Sunday

Sermons

December 29, 2024 | Temple Visitations – Seeing Salvation in the Stranger

Speaker: Kate AndréText: Luke 2:21-40

Good morning, Columbus Mennonite Church!

Thanks, for inviting me to speak on this first Sunday in the Christmas season!

My name is Kate André. I’m the pastor of the Mennonite Congregation of Boston. 

I’m also Susan André’s daughter. 

I understand your Advent theme was “Visitations” — temporary but meaningful encounters. 

It’s fitting, then, that I, a visitor to your church, am the last person to sermonize about visitations.

So far in your Narrative Lectionary journey this month, 

angels have visited, family members have (Mary and Elizabeth)…

But in today’s Gospel story, as Jesus first crosses the threshold into the Temple– 

an intentionally sacred space not entirely unlike this one– 

a visitation occurs between intergenerational strangers. 

Before we dive into the story, let’s take a few deep breaths, 

calling our hearts and minds to the Spirit of Life in our midst. 

As you breathe, notice what words from the following Jan Richardson meditation resonate with you today:

I am still fascinated by thresholds– 

those places that lie between the life we have known and the life ahead of us. 

I am continually intrigued – and eager, and fearful, and amazed, and mystified – 

to enter into those spaces where we have left the landscape of the familiar, the habitual, 

and stand poised at the edge of a terrain whose contours we can hardly see or imagine… 

A threshold invites and calls us to stop. To take a look around. To imagine. To dream. To question. To pray.  
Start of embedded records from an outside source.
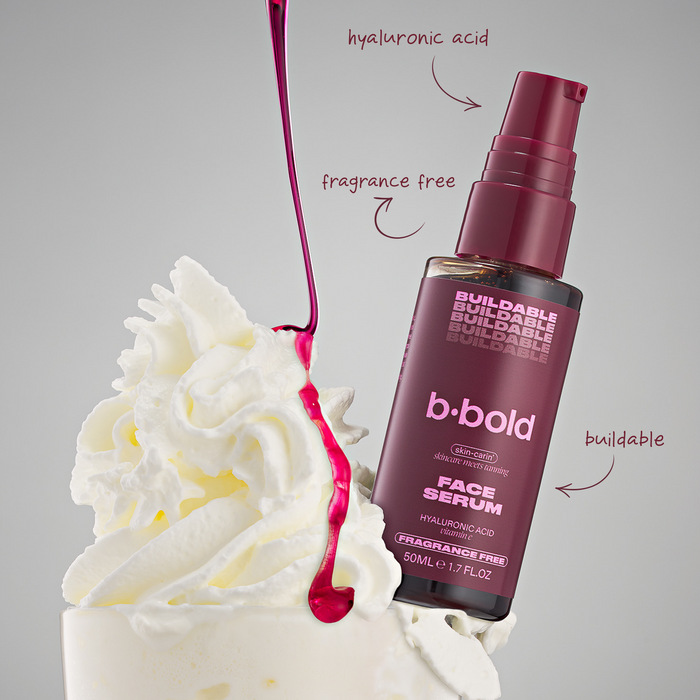 b.bold Face Serum 50ml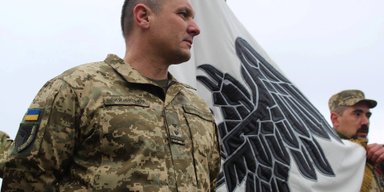 "Чорні Запорожці", "Холодний Яр": чи впливає почесне найменування бригади на боєздатність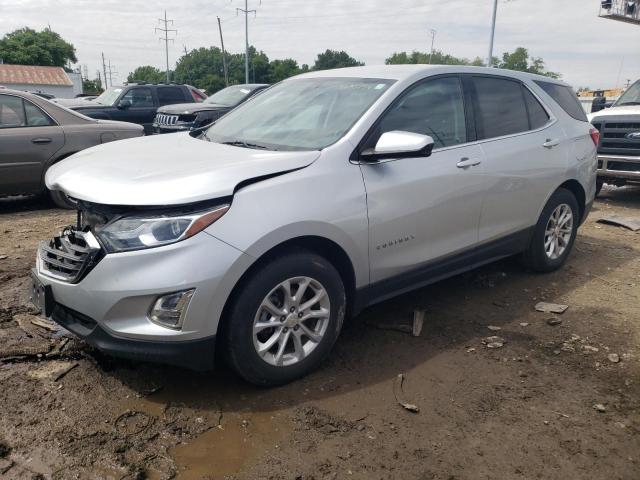 2020 Chevrolet Equinox Lt VIN: 3GNAXKEV1LL151427 Lot: 56713794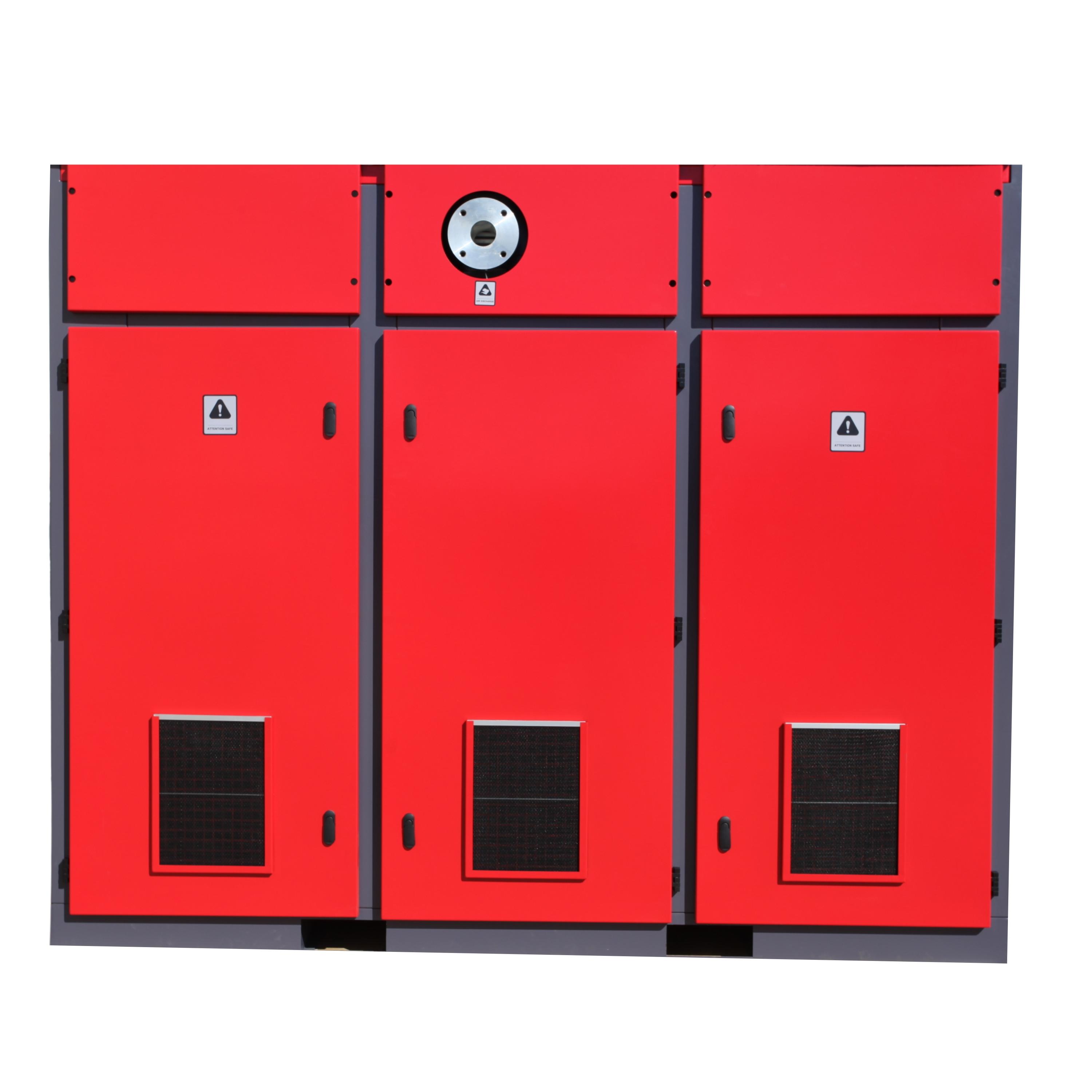 Two-Stage Screw Air Compressor 55 kW 10 Bar - Image 4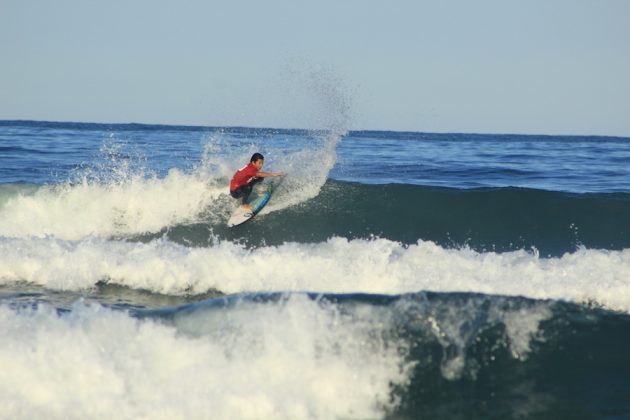 Hang Loose Japan Trials 2017, Praia Grande, Ubatuba (SP). Foto: Cleyton Nunes.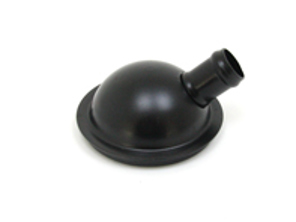 Breather for crankcase ventilation. Porsche 924 - PCG103129A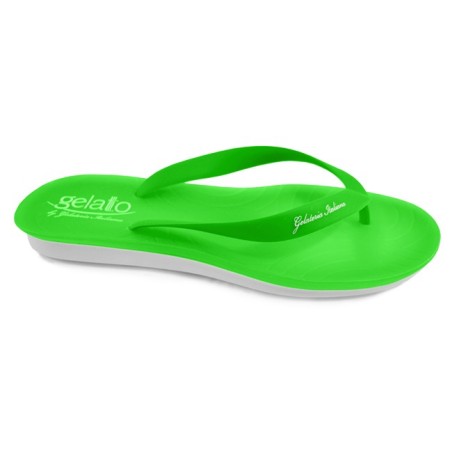 CALZATURA GELATO ARCOBALENO PLUS GREEN 39/40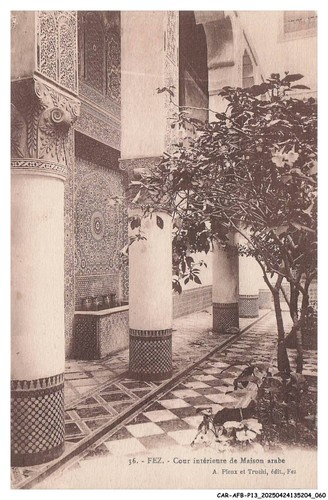 Car afbp13 0694 - car-afbp13-0694-maroc,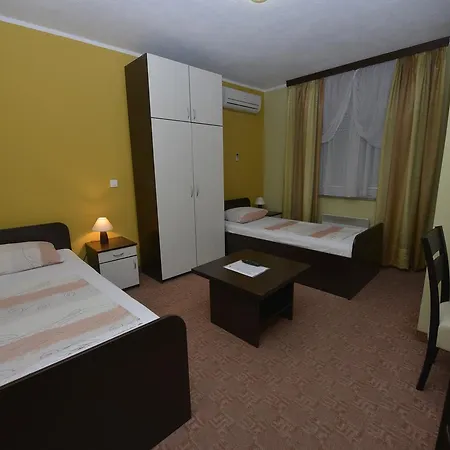 Borik Motel Potoci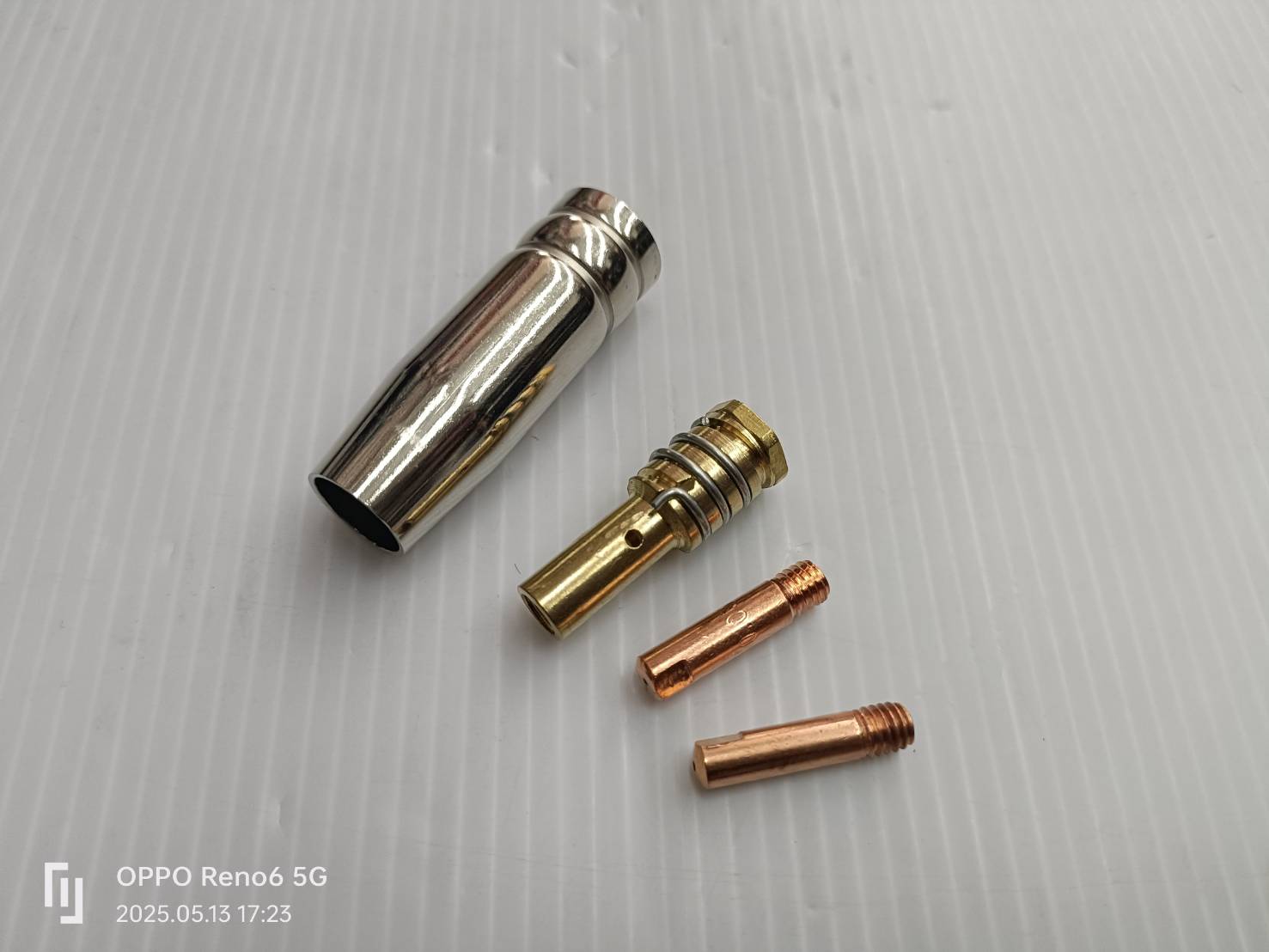 ชุดอะไหล่หัวMIG รุ่น 15AK EUROX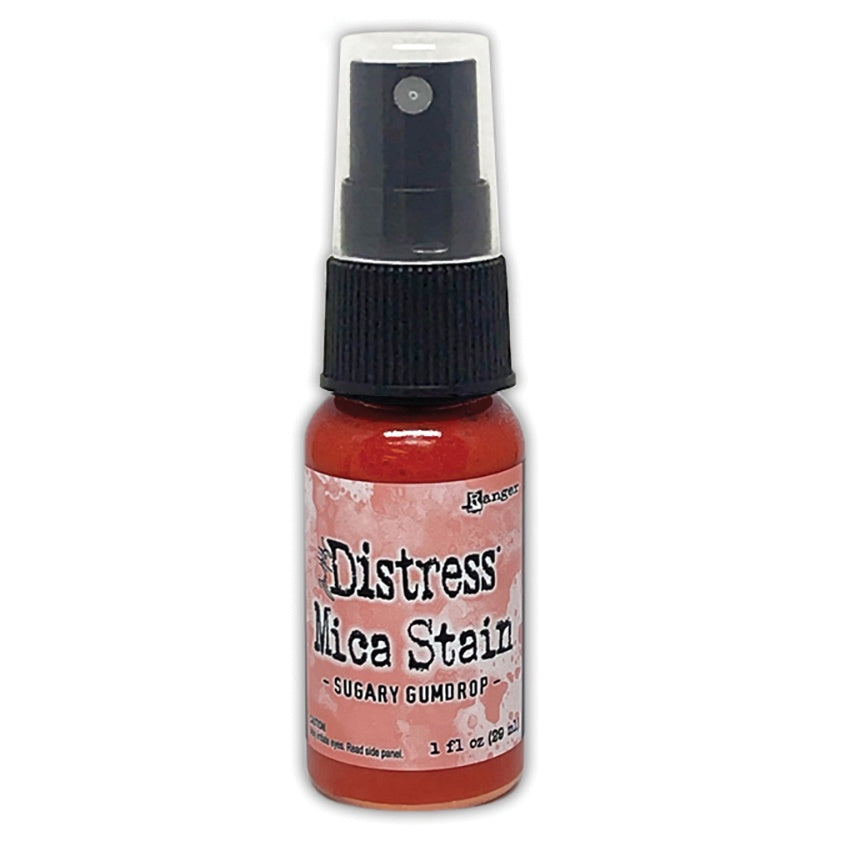 Tim Holtz - Distress Mica Stain - Sugary Gumdrop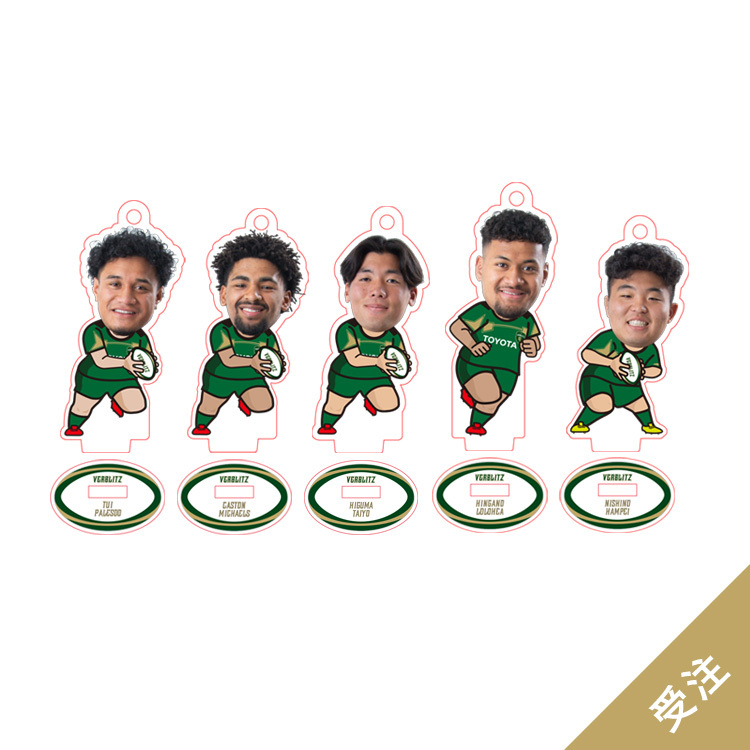 【受注】【シークレット】アクリルフィギュア(アーリーエントリーVer)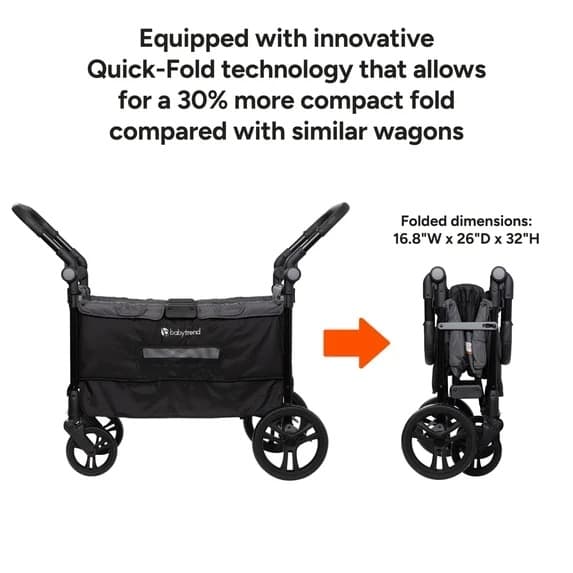 Baby Trend Quest 3 in 1 - 2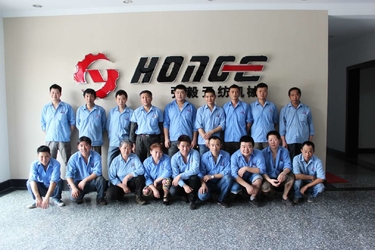 China Changshu Hongyi Nonwoven Machinery Co.,Ltd company profile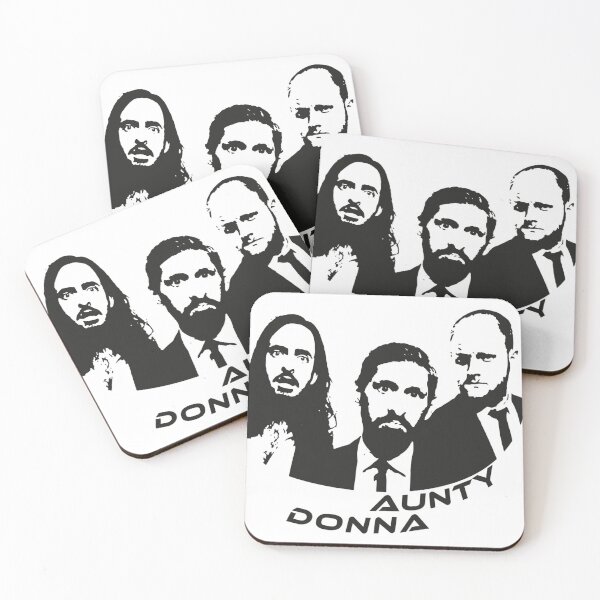 Item preview, Aunty Donna Rock Star designed and sold by Loren-zoMarcel.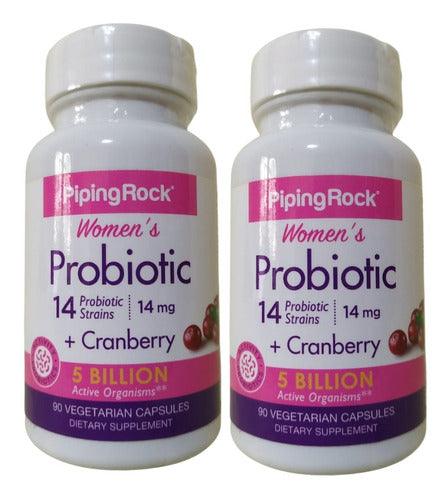 PIPPING ROCK WOMEN'S PROBIOTICS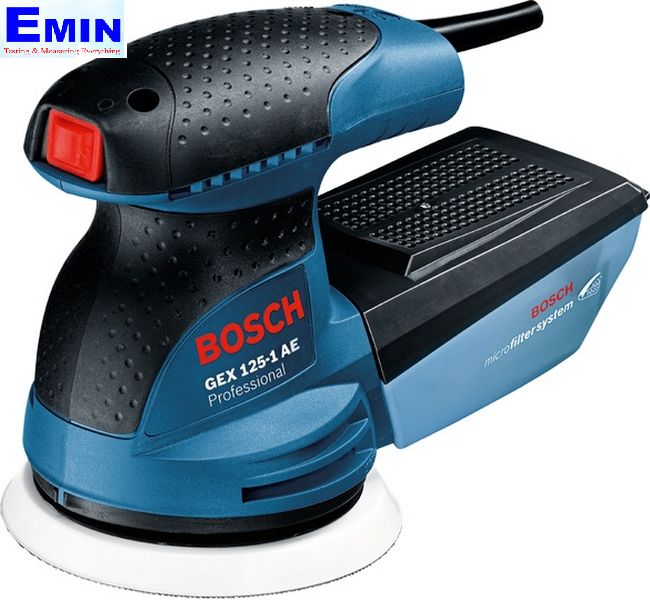 Orbital sanding tools used for surface preparation and finishing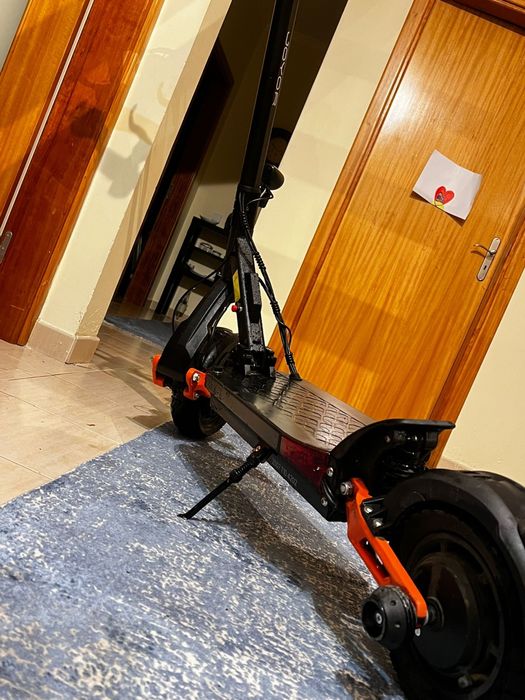 Trotinete Elétrica Joyor T10 – Quase Nova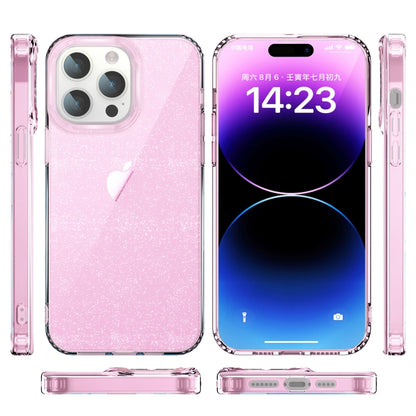 For iPhone 11 Pro Max Star Solid Color Phone Case(Pink) - iPhone 11 Pro Max Cases by PMC Jewellery | Online Shopping South Africa | PMC Jewellery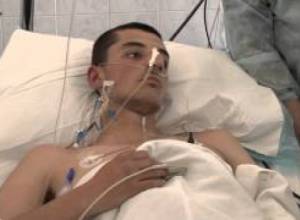 Ս. Սարգսյանն այցելել է վիրավորված զինծառայողներին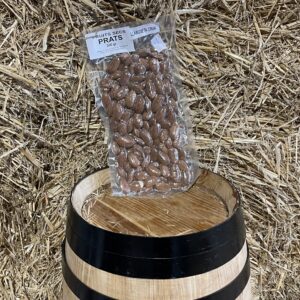 Ametlla Llargueta Crua Cafès Prats Mercader 200gr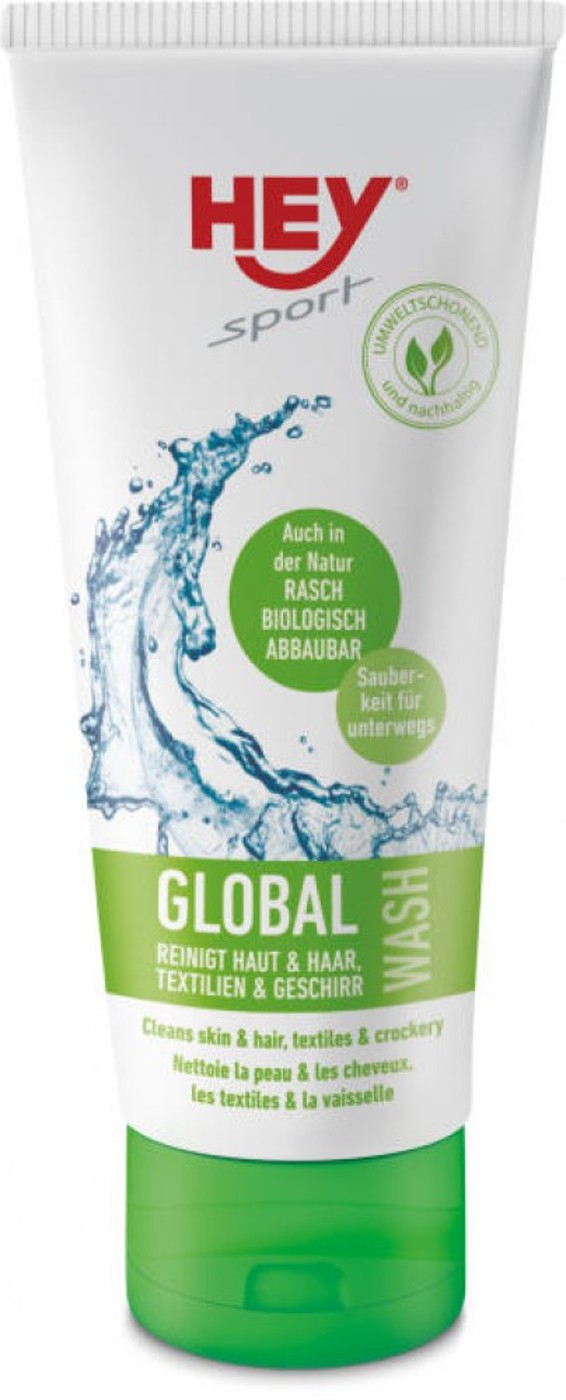 HEY SPORT Global Wash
“May the words of my mouth and the meditations of our hearts be acceptable in your sight, O God, 

our strength and our redeemer.”

Here’s a fun fact: In the late 2000s, I was unfamiliar with the Mennonite tradition.

But my mother was a new member of CMC, so I came with her to worship whenever I visited from out of town.

On Christmas Eve 2009, I sat right there at your…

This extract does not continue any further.